1 Hospital da Luz, Lisboa, Portugal
2 Faculdade de Medicina de Lisboa, Lisboa, Portugal
In recent years, the introduction of new intraocular lenses (IOLs), in particular toric, multifocal, aspheric, phakic and accommodative, accompanied by an increasing refractive requirement, led necessarily to the evolution of IOL power calculation formulas in order to achieve a greater effectiveness1-3. Within the various third-generation formulas that combine regressive methods with theoretical models of the eye, SRK-T is considered the standard formula and, while providing excellent refractive results in patients whose eyes have normal anterior segment anatomy and axial lengths within normal values, it is not so predictable in eyes with unusual anatomy4. Although no formula is suitable for all eyes, the Barrett Universal II formula has been shown to be more accurate in calculating IOL5, not only for different types of lenses but also for eyes with any axial length dimension6. In addition to the formulas, new calculation methodologies have also been developed, such as the PhacoOptics (IOL Innovations Aps, Aarhus, Denmark), which uses ray tracing7, and Radial Basis Functions (RBF), which uses artificial intelligence for pattern recognition8. There are also online calculators available, such as Panacea, that combine several of these methodologies.
The integration of these new formulas and methodologies, many of them with free access, in daily clinical practice requires their previous validation in different populations.
The 3rd generation formulas, with SRK-T being one of the most used formulas, use only the axial length and the keratometry values to estimate the effective position of the IOL. It is well known that certain 3rd generation formulas have shown greater accuracy under certain conditions related to the variables used, such as axial length and corneal power. But since there is no single formula that works well in every eye, Ladas created the so-called "Super Formula" that incorporates the ideal segments of the SRK-T, Hoffer-Q, Holladay I (with Koch’s adjustment), and Haigis formulas, and developed a new method for representing formulas in 3 dimensions9. The "Super Formula" is freely accessible and can be used at http://www.iolcalc.com (Figure 1).

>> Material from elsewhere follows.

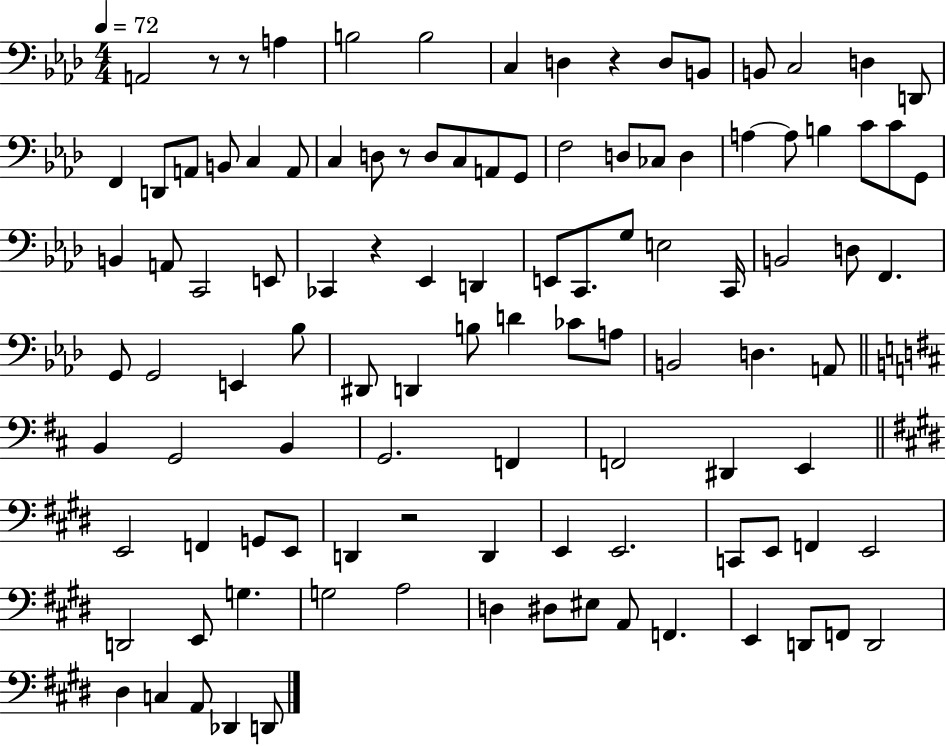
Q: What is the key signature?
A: AES major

Ray tracing, based on Snell's Law, is a method for calculating rays that cross an optical system. This methodology has already been used in pseudophakic eye models to calculate IOL power10. Unlike conventional formulas, ray tracing does not contain approximations since it uses a measured, not deduced geometry, and does not include keratometric indices but only refractive indexes of the cornea, which avoids overestimation of corneal power when using habitual keratometric index of 1.3375, as well as the variability caused by the use of different keratometric indices used in the various measuring instruments.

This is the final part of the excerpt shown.